What to do: Retype the listing below line for line, but only from the line with "Usata VW Touran" down to the line with "Nike Zoom Vomero - Image 11", inclusive. Pictures stay out.

Material for this task:
Content starts
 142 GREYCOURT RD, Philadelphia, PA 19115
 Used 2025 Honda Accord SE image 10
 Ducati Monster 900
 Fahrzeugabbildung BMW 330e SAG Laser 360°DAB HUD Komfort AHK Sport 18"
Content ends
Content starts
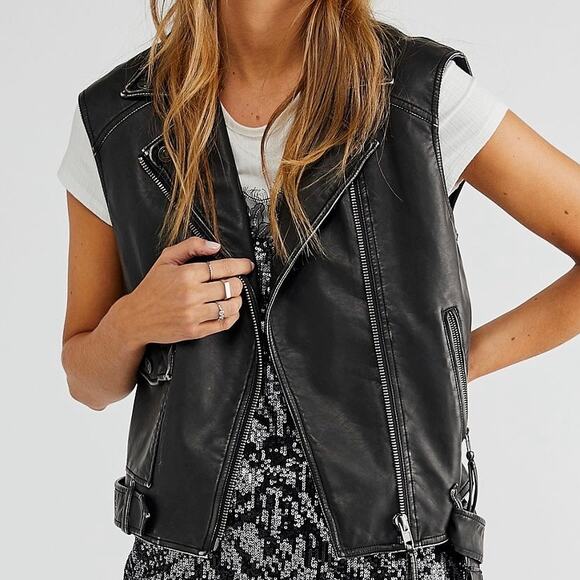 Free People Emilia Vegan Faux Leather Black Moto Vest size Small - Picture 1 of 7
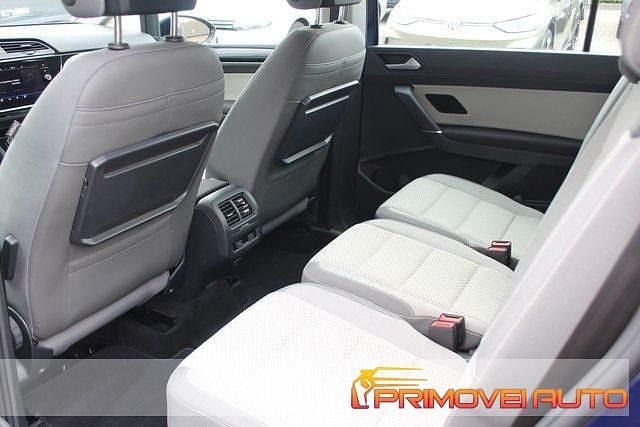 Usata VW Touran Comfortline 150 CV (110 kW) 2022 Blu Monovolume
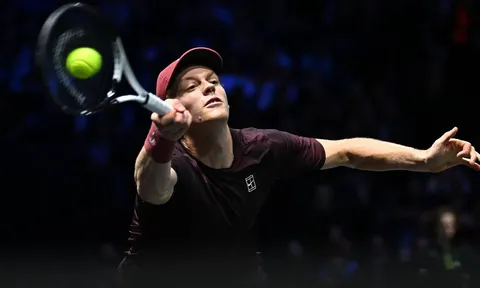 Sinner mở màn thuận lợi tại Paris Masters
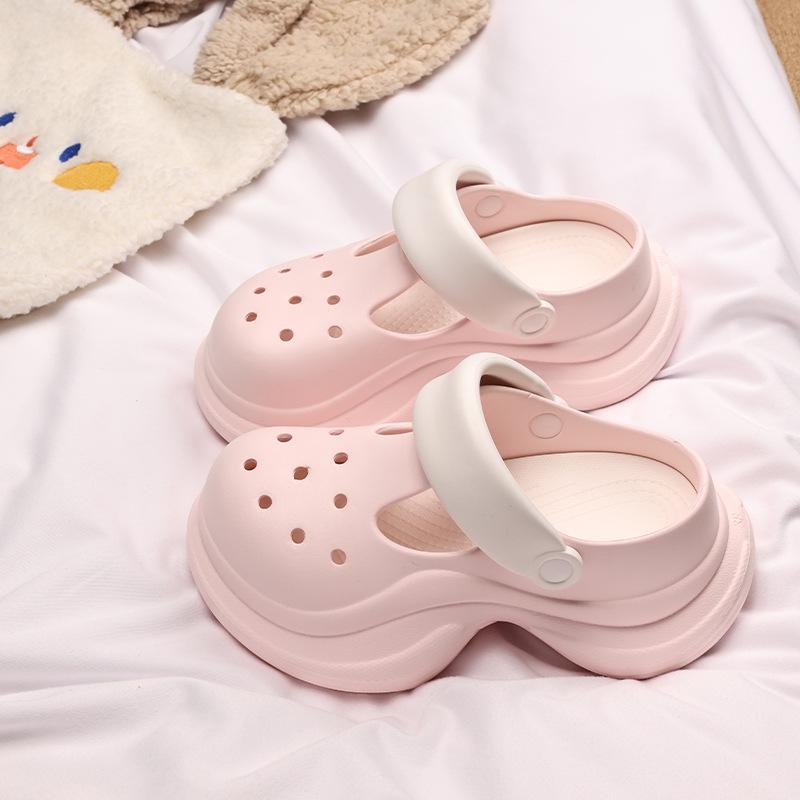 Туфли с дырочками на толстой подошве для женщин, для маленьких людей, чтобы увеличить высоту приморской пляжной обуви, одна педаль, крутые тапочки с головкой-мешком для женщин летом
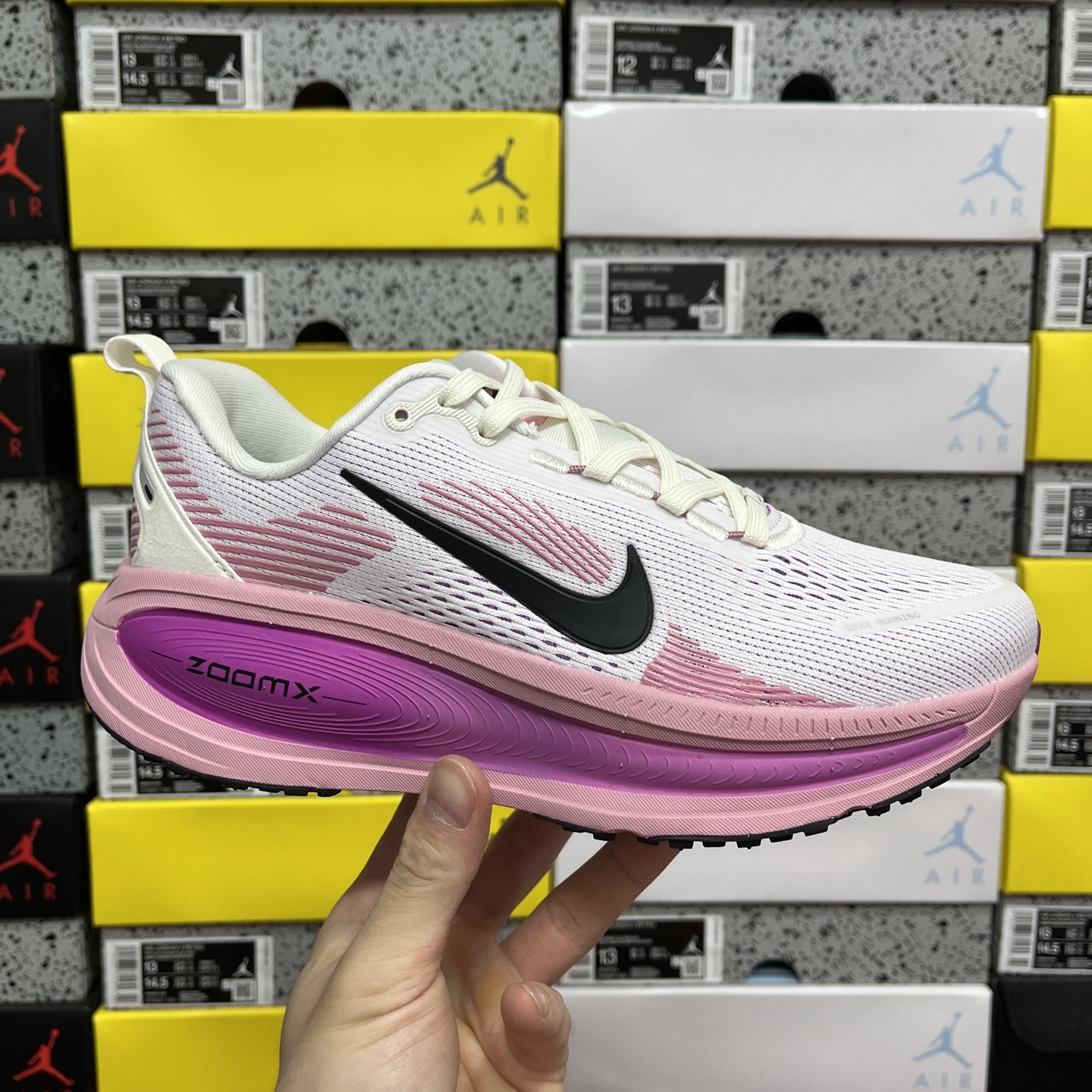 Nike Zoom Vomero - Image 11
Content ends
Content starts
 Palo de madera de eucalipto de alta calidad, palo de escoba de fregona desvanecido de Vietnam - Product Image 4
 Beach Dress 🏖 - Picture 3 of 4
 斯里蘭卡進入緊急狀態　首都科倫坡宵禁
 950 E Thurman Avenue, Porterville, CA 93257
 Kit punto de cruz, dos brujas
Content ends
Reply to the exercise:
 Usata VW Touran Comfortline 150 CV (110 kW) 2022 Blu Monovolume
 Sinner mở màn thuận lợi tại Paris Masters
 Туфли с дырочками на толстой подошве для женщин, для маленьких людей, чтобы увеличить высоту приморской пляжной обуви, одна педаль, крутые тапочки с головкой-мешком для женщин летом
 Nike Zoom Vomero - Image 11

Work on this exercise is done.